Data:
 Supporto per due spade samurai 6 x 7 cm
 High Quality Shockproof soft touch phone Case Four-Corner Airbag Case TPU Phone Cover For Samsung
* * *
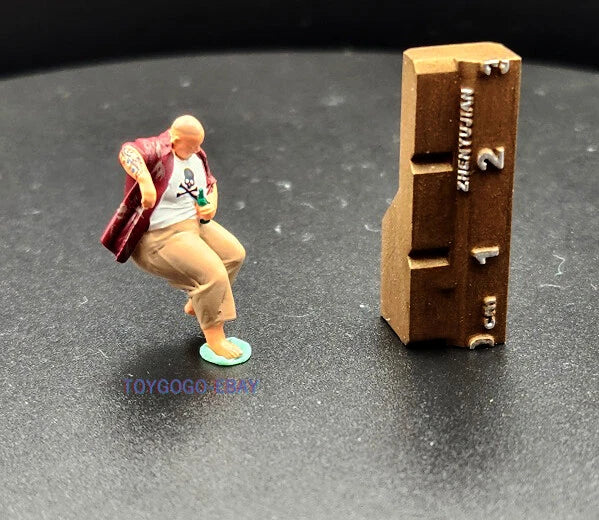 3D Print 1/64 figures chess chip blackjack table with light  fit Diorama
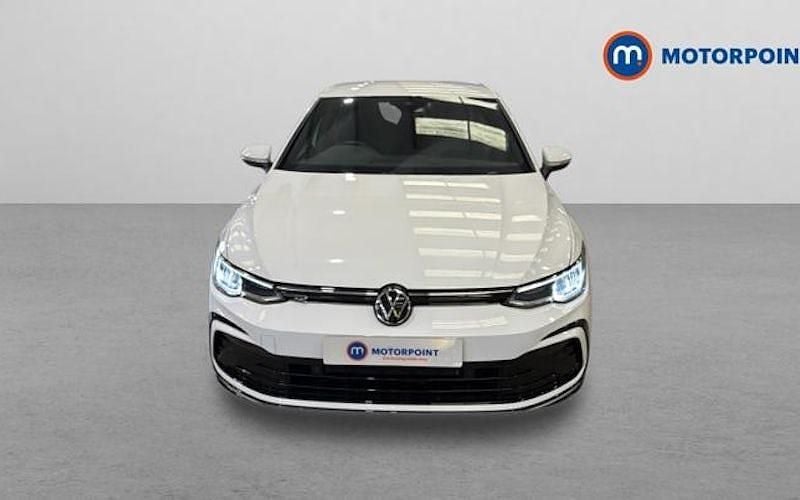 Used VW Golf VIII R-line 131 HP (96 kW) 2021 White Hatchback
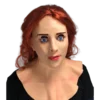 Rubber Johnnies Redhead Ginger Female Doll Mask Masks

Work to be completed:
Reproduce exactly, with no pictures, the lines above from the one holding "Used VW Golf" to the one holding "Rubber Johnnies Redhead", inclusive.

Output:
 Used VW Golf VIII R-line 131 HP (96 kW) 2021 White Hatchback
 Rubber Johnnies Redhead Ginger Female Doll Mask Masks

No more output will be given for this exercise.